Even in moments of great violence or decay, art says: you still have a soul.
That’s why in Ukraine, amidst craters and rubble, people paint flowers on bullet pierced buildings.
Because beauty, fragile and fleeting - is a statement of resilience.
Even language itself has been used to rebel.
Kerouac wrote like he was on fire, tearing through the conformity of post-war America. Rejecting its ideals.
Choosing rawness, madness, jazz, and holy moments of being awake.

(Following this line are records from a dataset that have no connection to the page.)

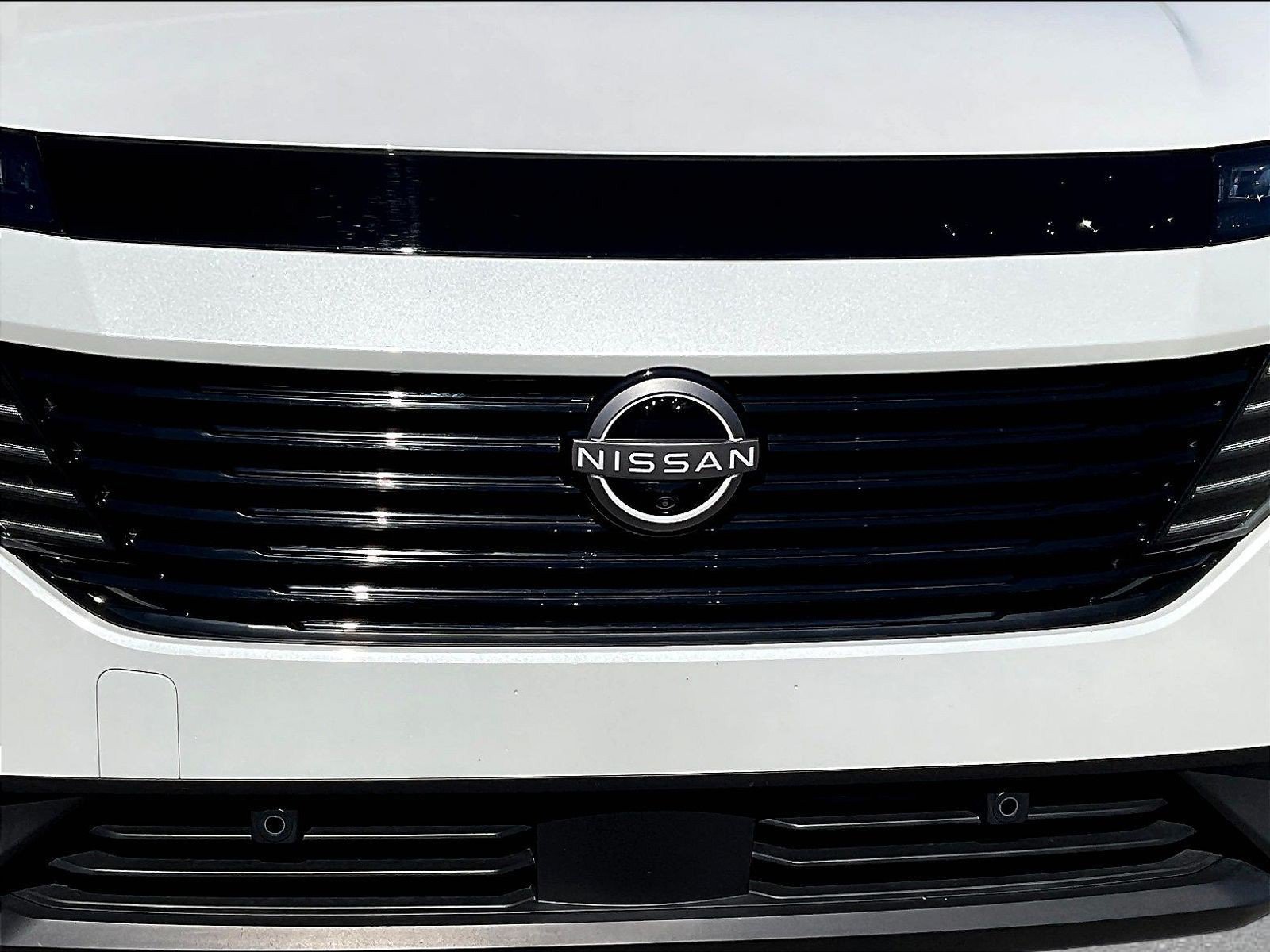 Certified Used 2025 White Nissan SL image 35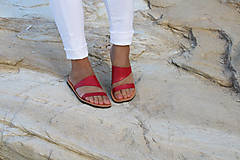Ponožky, pančuchy, obuv - Kožené šľapky LYTTOS - tmavočervená farba - 16558757_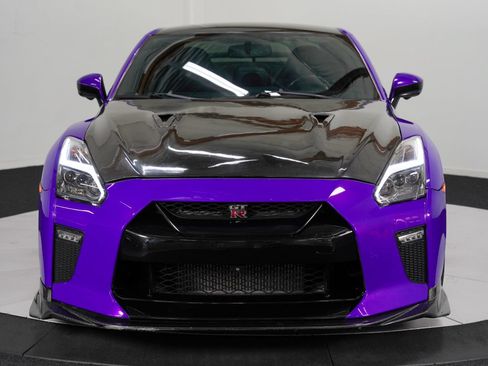 Used 2014 Nissan GT-R Premium AWD/4WD image 9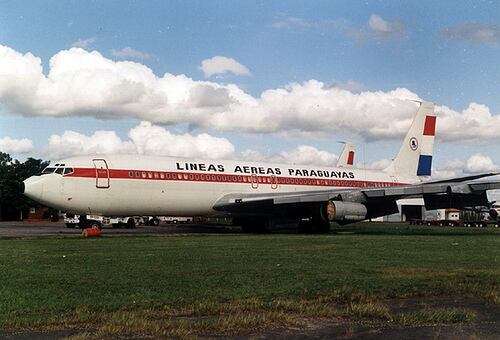 Líneas Aéreas Paraguayas (LAP) fue la última aerolínea estatal que tuvo el país.
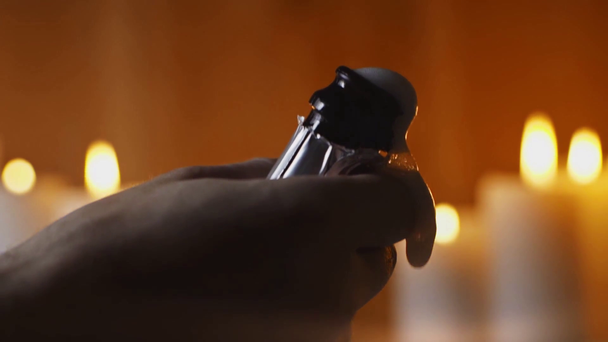 Zeitlupe: Mann öffnet Flasche mit Sekt - Filmmaterial, Video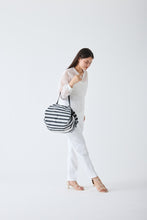 Charger l'image dans la galerie, Shupatto Anniversary Edition Bag M – Highlight Black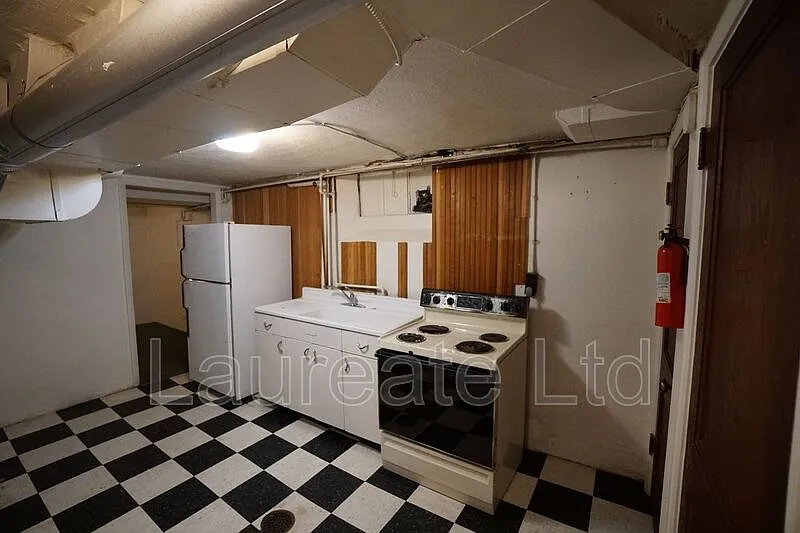 2 bed, 1.0 bath, 1000 sqft, $1,295 — Photo 2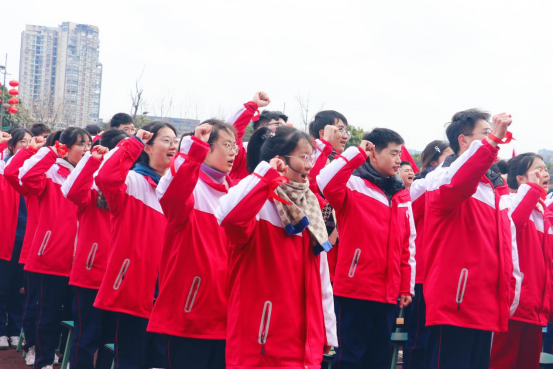 踔厉奋发百日鏖战，十年一剑六月梦圆886.png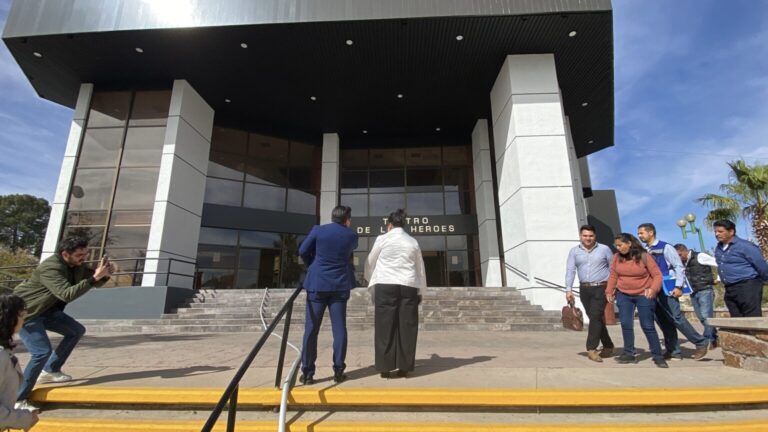 Supervisan proyecto de conservación física en teatro de los héroes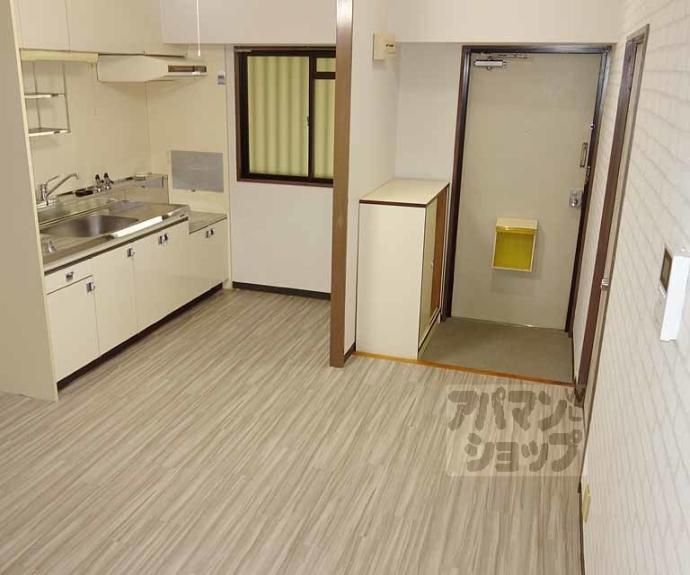 【東和ハイツ本館】間取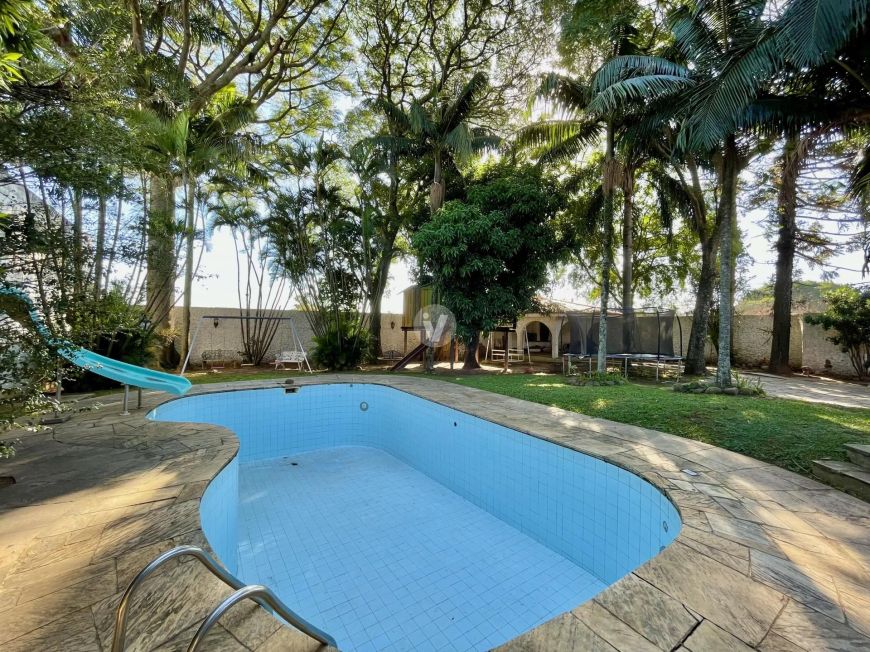 "Clássico e Deslumbrante: Casa dos Sonhos com Piscina e Jardim no Bairro Patrona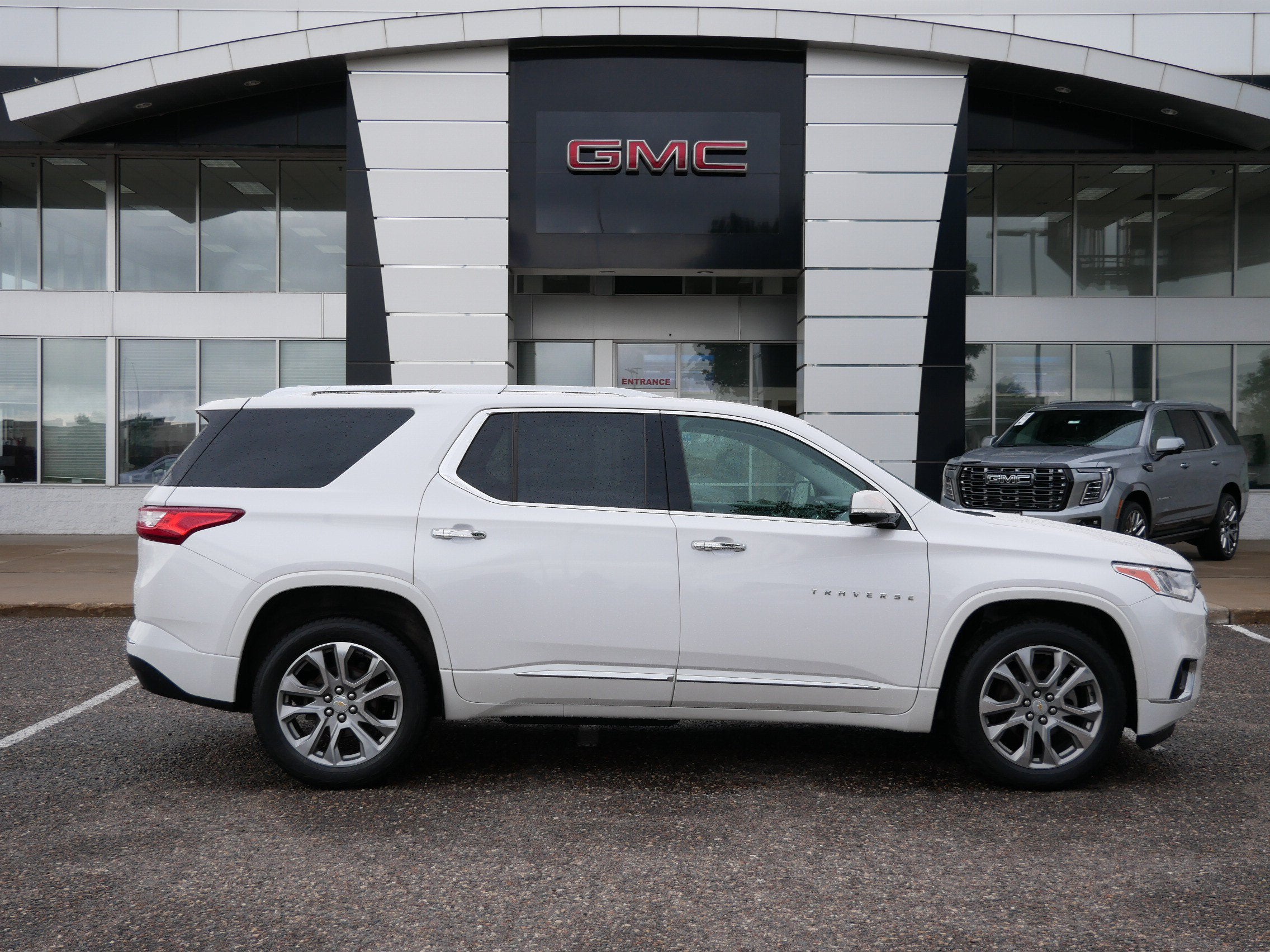 Used 2019 Chevrolet Traverse Premier with VIN 1GNEVKKW4KJ120067 for sale in Minneapolis, Minnesota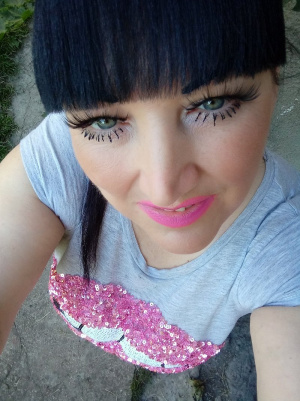 eyelash, hair, skin, smile, cool, bangs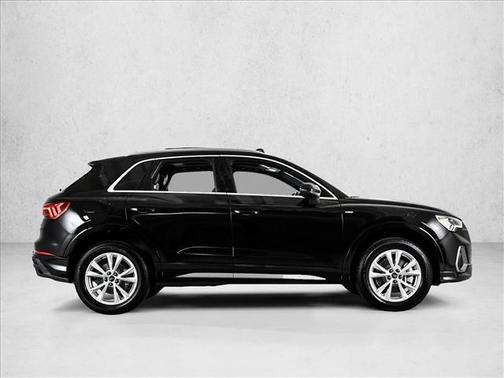 2025 Audi Q3 45 S line Premium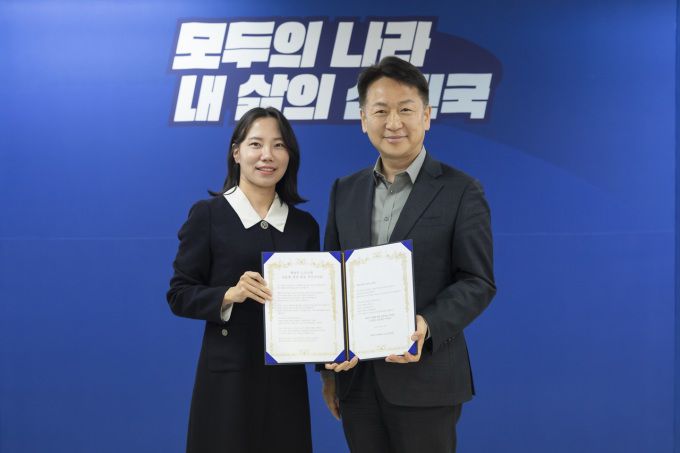 체육계 인사 3333명이 18일 김동연 더불어민주당 대선 경선 후보를 공개 지지하며 "체육이 다시 중심이 되는 사회를 김동연 후보와 함께 만들겠다"고 선언했다. [사진=김동연 유쾌한캠프]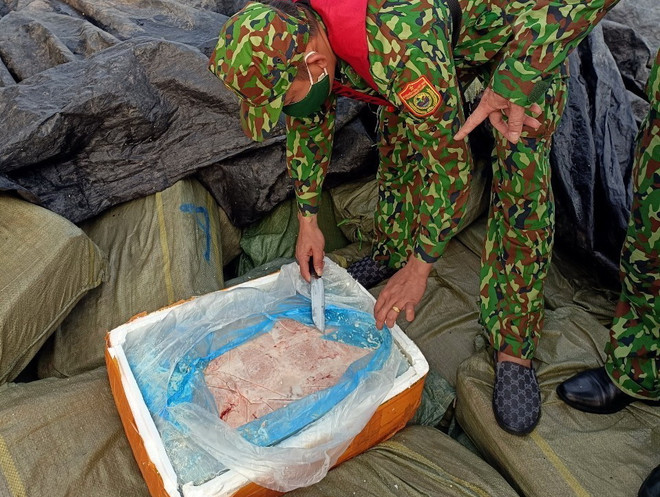 Quảng Ninh: Phát hiện bè mảng chở lậu lượng lớn nội tạng động vật ảnh 1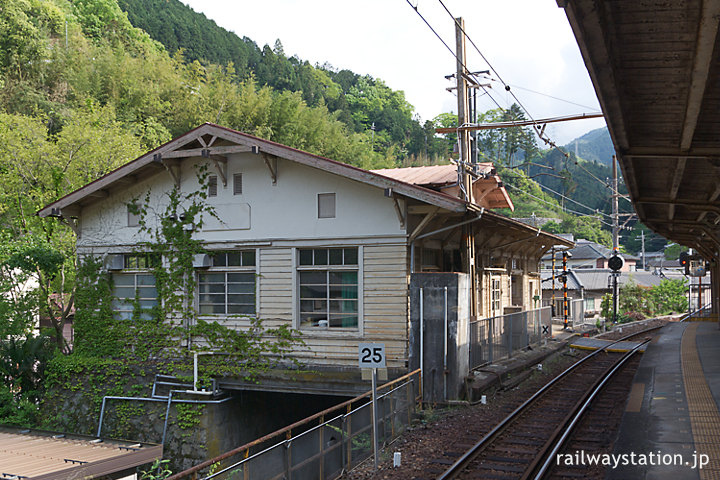 南海電鉄高野線・高野下駅、木造駅舎ホーム側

[...] the only people for me are the mad ones, the ones who are mad to live, mad to talk, mad to be saved, desirous of everything at the same time, the ones who never yawn or say a commonplace thing, but burn, burn, burn like fabulous yellow roman candles exploding like spiders across the stars and in the middle you see the blue centerlight pop and everybody goes “Awww!” - Jack Kerouac, On the Road
A declaration of war against numbness
where wandering is sacred,
observation a delicacy
silence electric
& the body divine.
And then there are the scientists,
seen from the outside as rationalists, separatists trying to understand the world by dividing it into pieces, humans of pure reason; but are they?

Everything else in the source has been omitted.